Every day in hospitals across the country, patients with pacemakers have their pacemaker checked by technicians, doctors or support personnel to make sure the pacemaker is functioning properly. To perform this task, a wand is placed over the device and a telemetry link established between the interrogating computer and the pacemaker as communication with the pacemaker occurs. As you mentioned, RW, software in many telemtry systems support a feature that augments the pacing spike so it is more visible on the telemtry strip during pacing output. Unfortunately, this same feature can be confused by the telemetry communication between the pacemaker and the programmer as output from the pacemaker, thereby adding artifactual spikes on the telemtry strips.

Therefore, those spikes are created by the software (as artifact) when the telemetry link is established between the programmer and the pacemaker itself. As part of the initial pacing interrogation, the programmer causes the pacemaker to briefly demonstrate its "magnet mode" to measure battery life, forcing asynchronous pacing at 100 beats per minute. The occassional gaps in pacing capture are caused by the patient's intrinsic QRS complex rendering the ventricle refractory to capture (note the occassional narrow QRS complexes between the wide paced beats).

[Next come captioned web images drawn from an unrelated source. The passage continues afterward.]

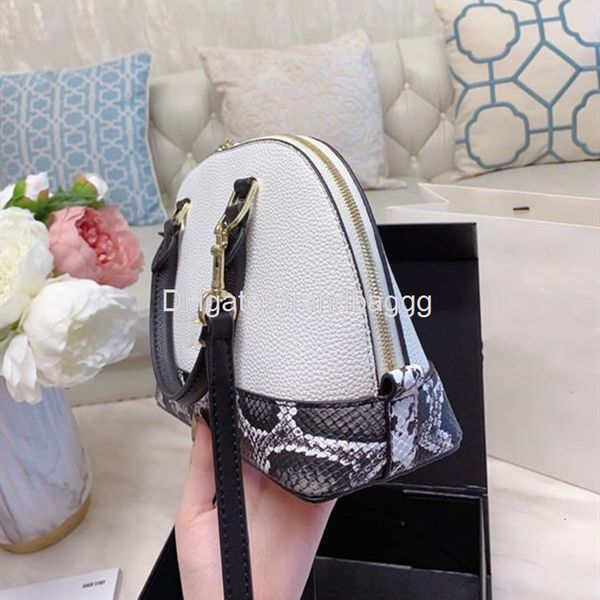 2020 fashion womens luxury designer bag handbags serpentine pattern original hardware desinger crossbody bags letter shell bags
2020 fashion womens luxury designer bag handbags serpentine pattern original hardware desinger crossbody bags letter shell bags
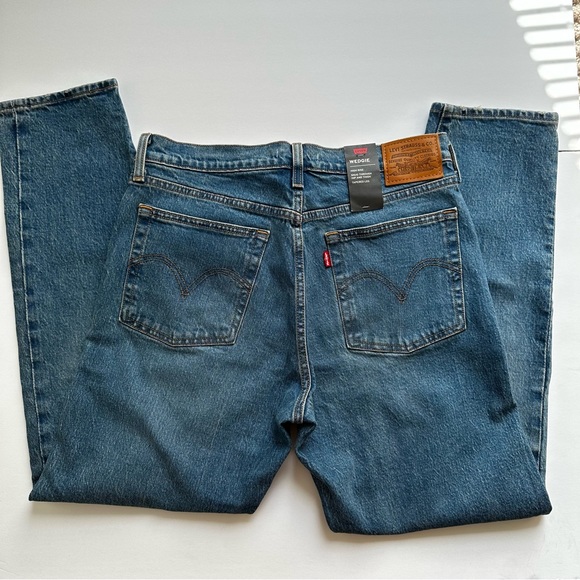Woman’s Levi’s Wedgie Fit Tapered Jeans size 29 - Picture 1 of 7
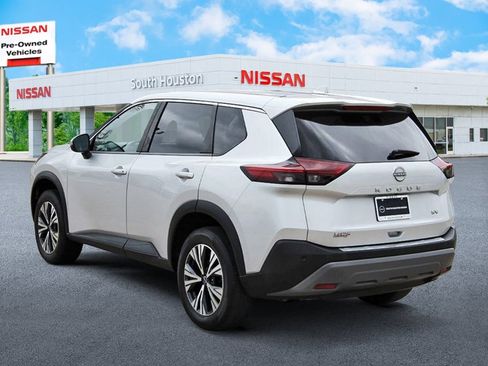 Certified 2022 Nissan Rogue SV FWD image 3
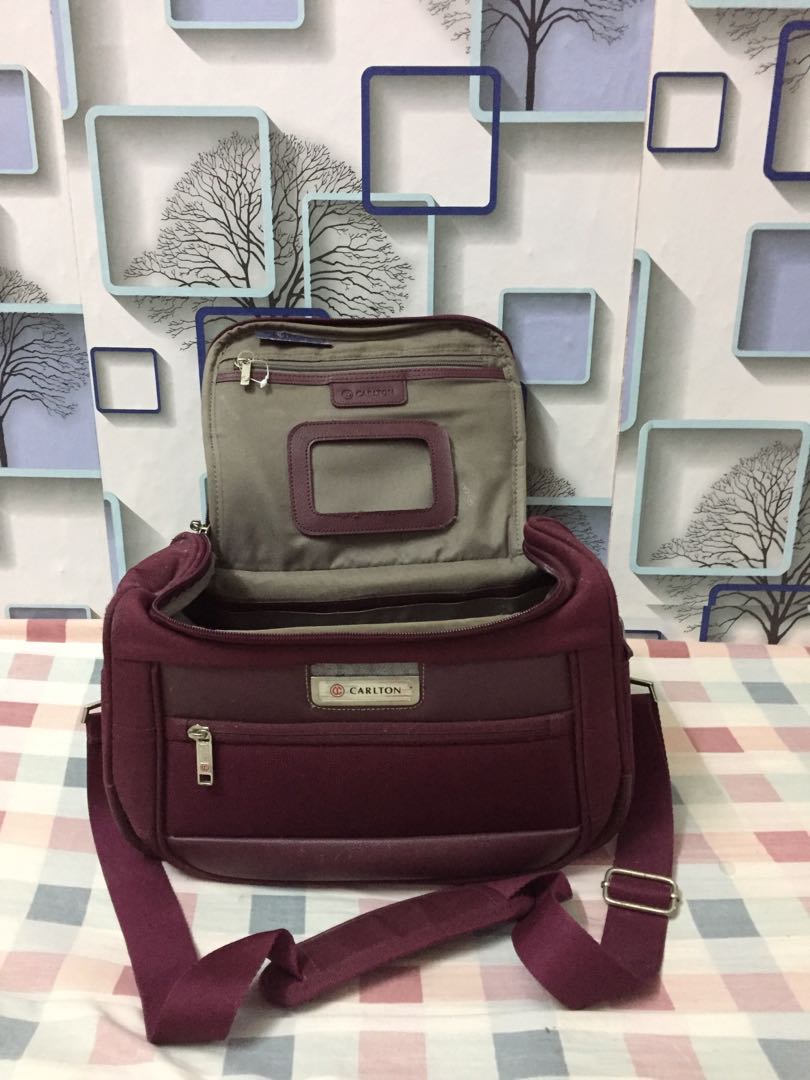Carlton toiletry bag outlet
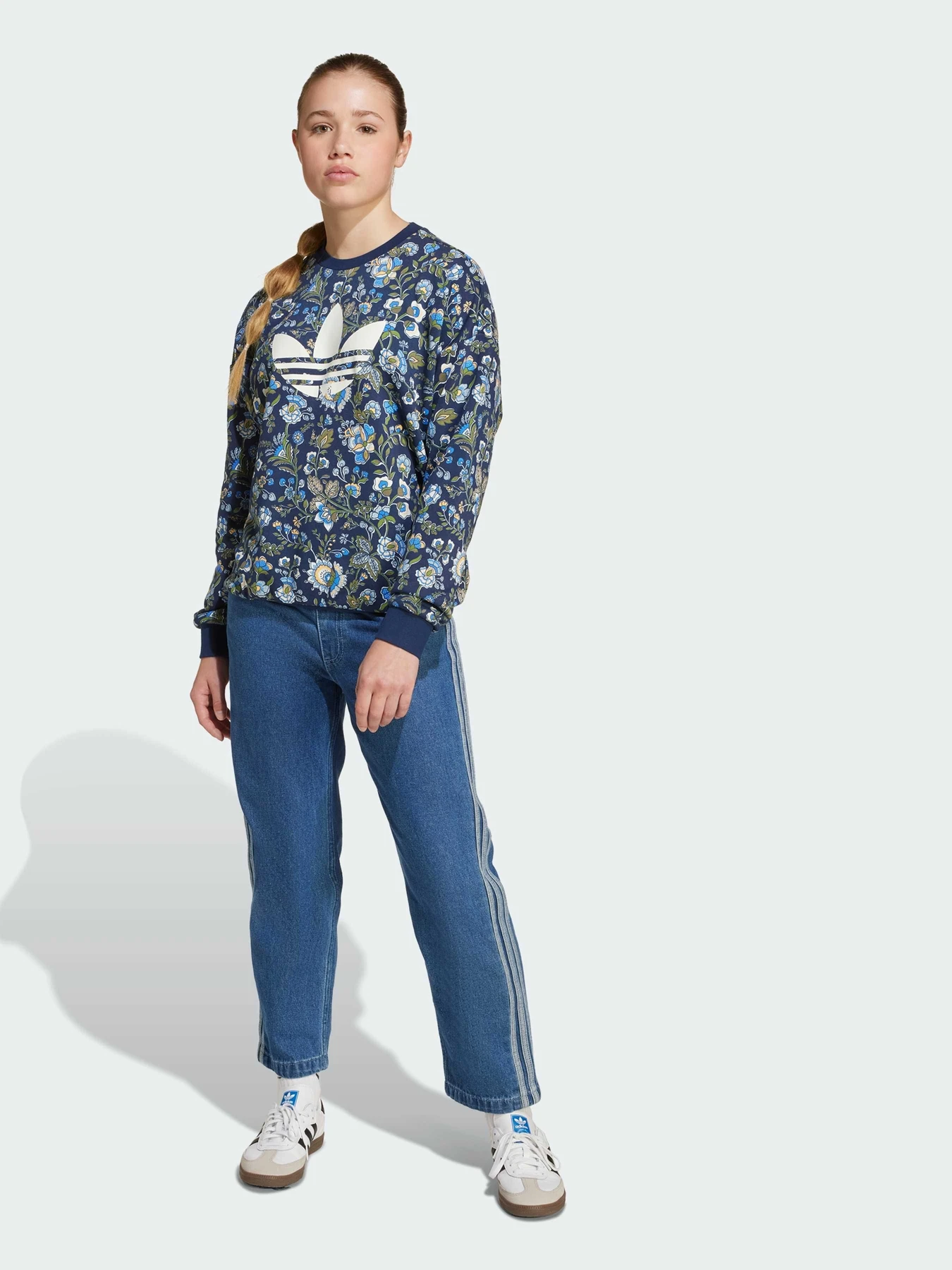 Худи и свитшоты Adidas Graphics модель JX6316 Фото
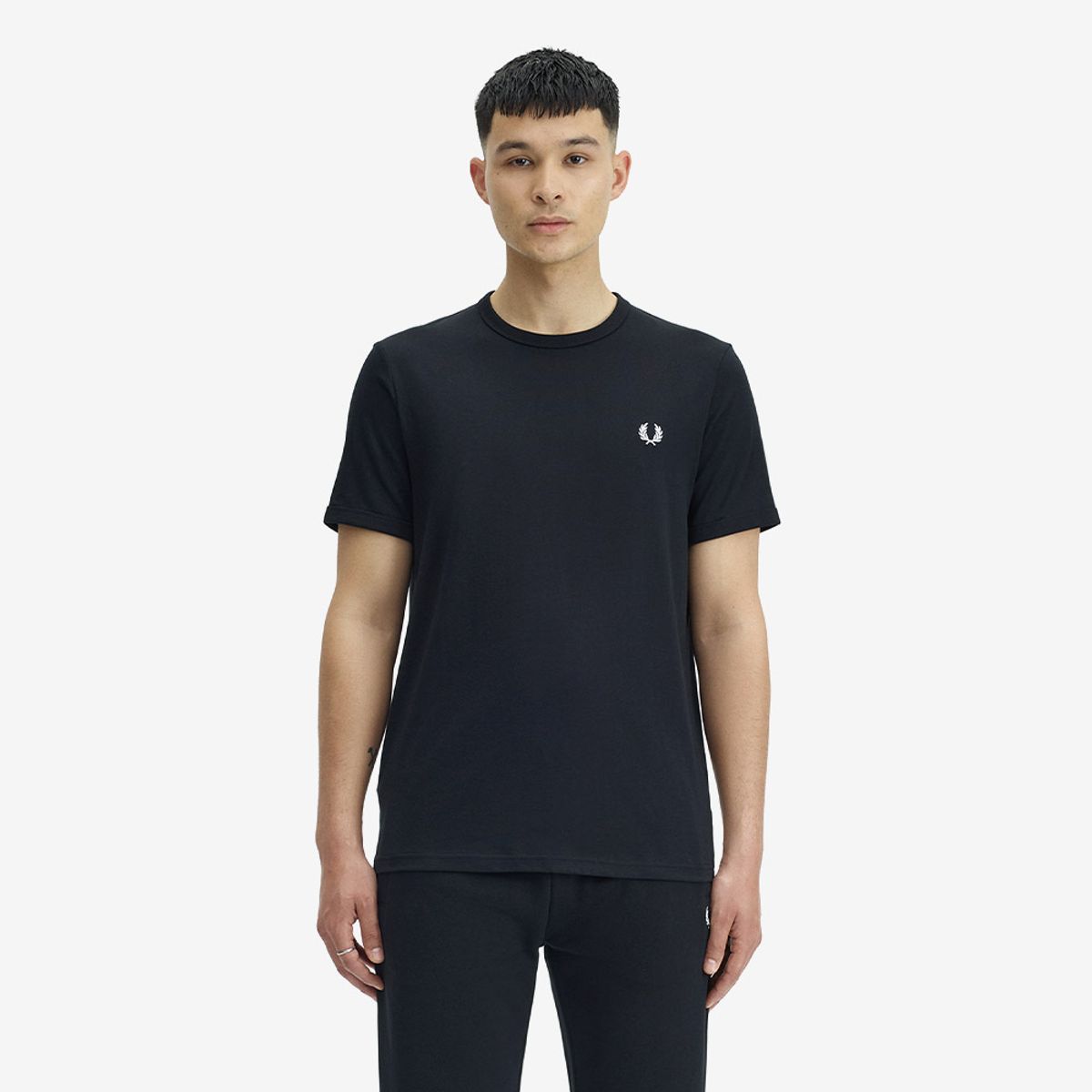 프레드페리(FRED PERRY) [Baseline] 링어 티셔츠 - 블랙 AFPM2G93519-102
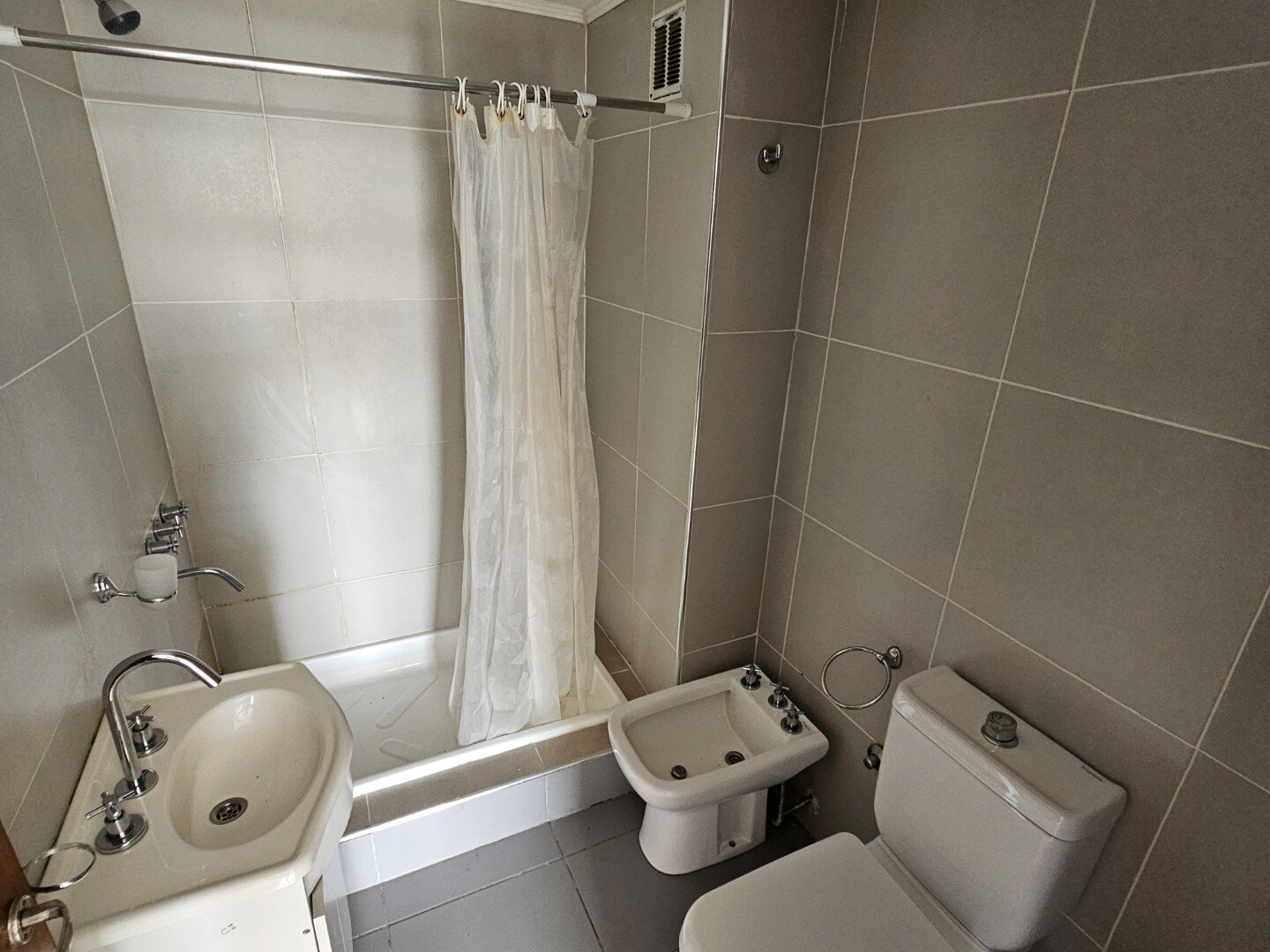 VENTA | Departamento de 1 dormitorio con cochera y vista al río! 6 A - Edificio Chana – Av. Congreso - 10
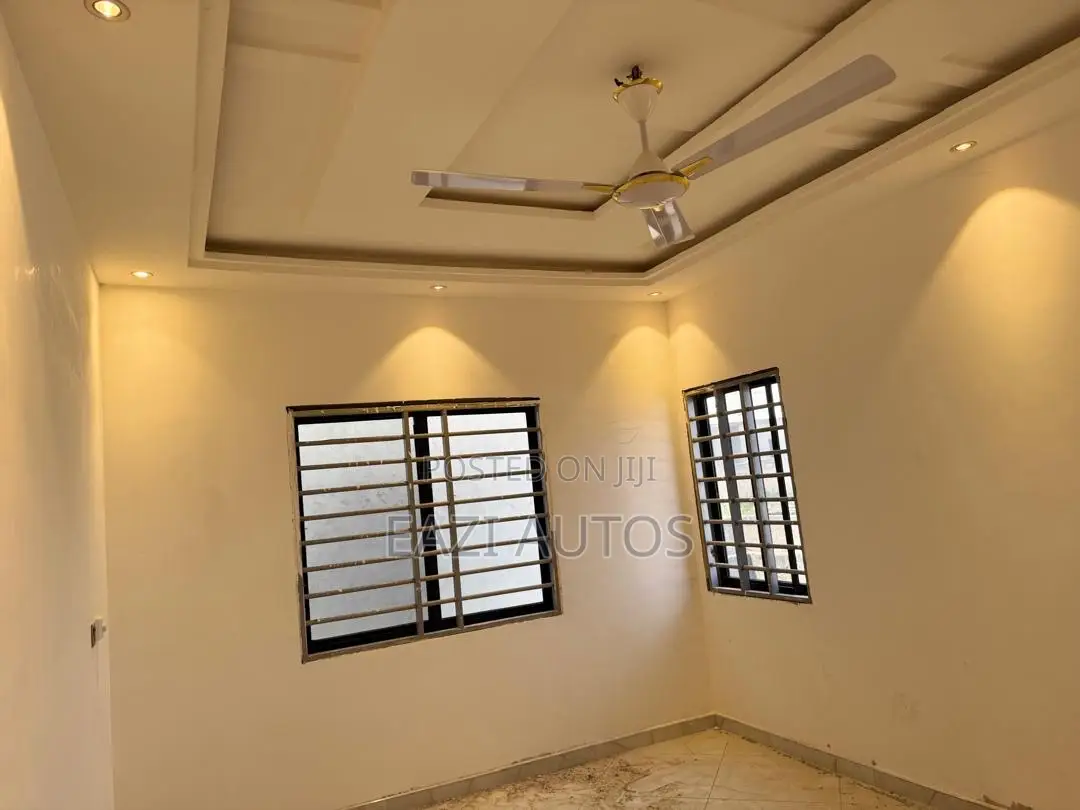 2bdrm Apartment in Eazi Estate, Kumasi Metropolitan for sale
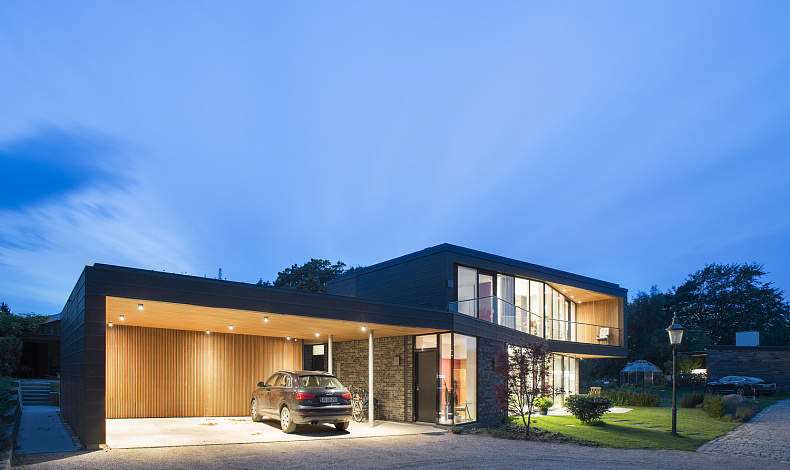 Дома хай-тек HT-200-1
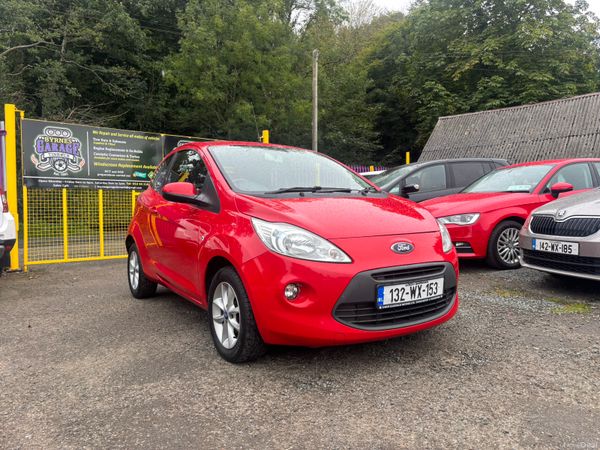 Ford KA Hatchback, Petrol, 2013, Red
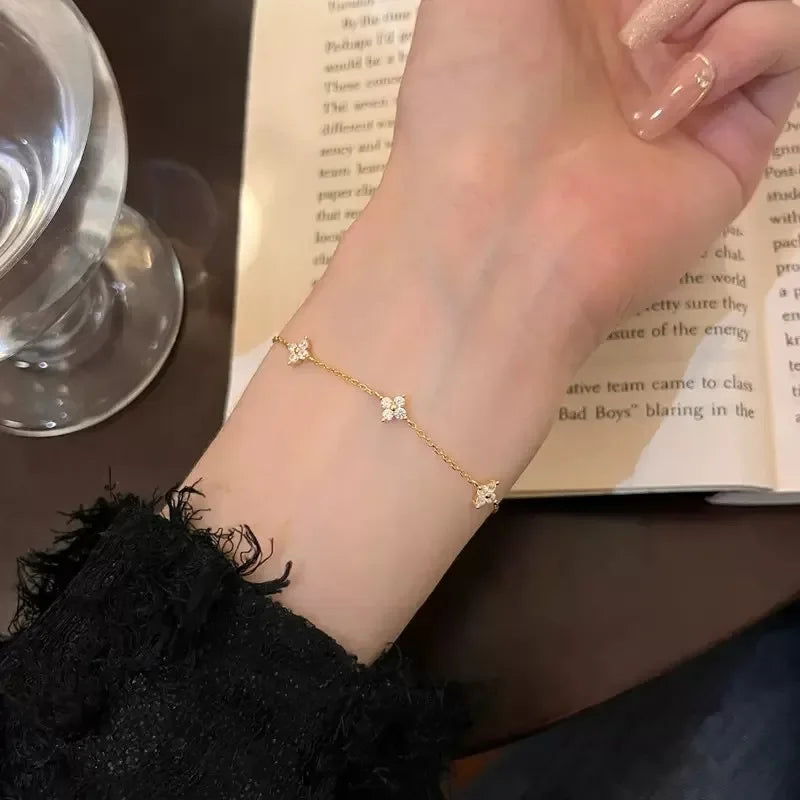 Bracelet fleur en acier inoxydable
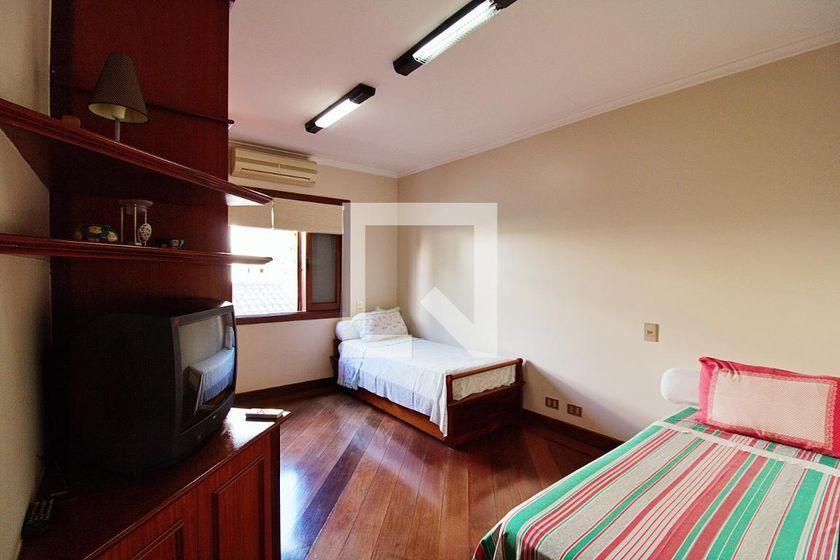 Casa à Venda – Portal do Morumbi, 4 Quartos, 700 m² – São Paulo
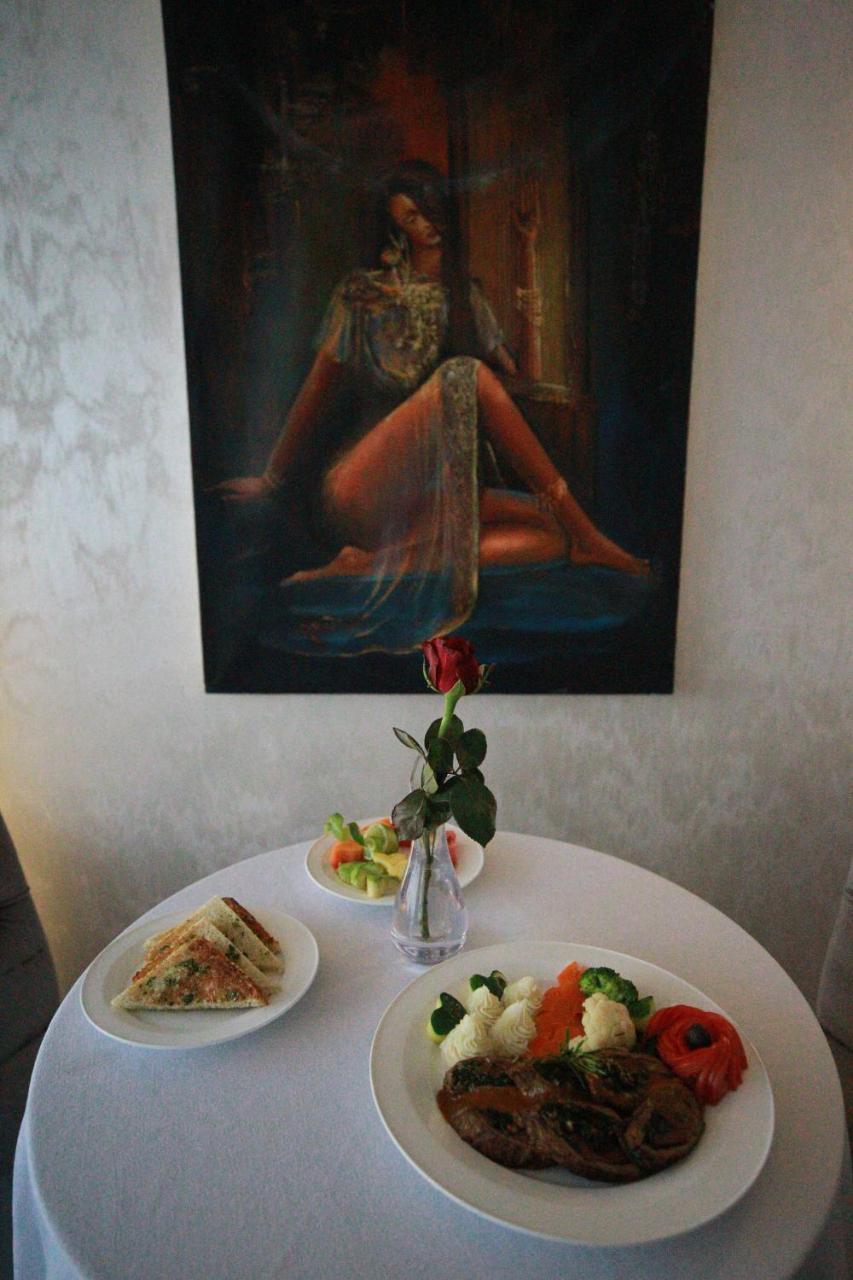 Marcen Addis Hotel Esterno foto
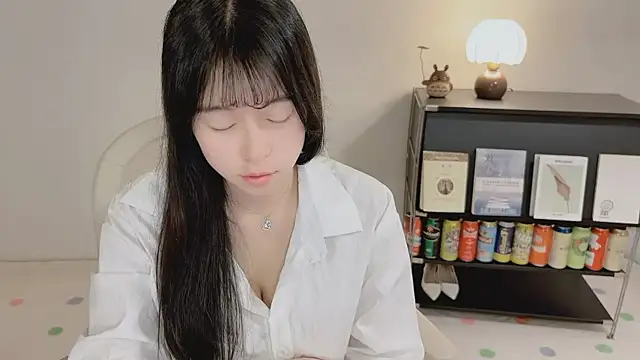 Onechestnut online show from 05/21/26, 05:25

Now, that wasn't so bad, was it?

Hope this was helpful-

-Wes

S. Lowe said...

Lord a mercy ...no fair for us third worlders!! I got the flutter and something ventricular going on but...pacemakers are still not a common ER occurence here and are found almost solely in our cardiology practices among a 20% of patients who might be able to afford them. So since I'm about to 'move up in the world', thx for this heads up!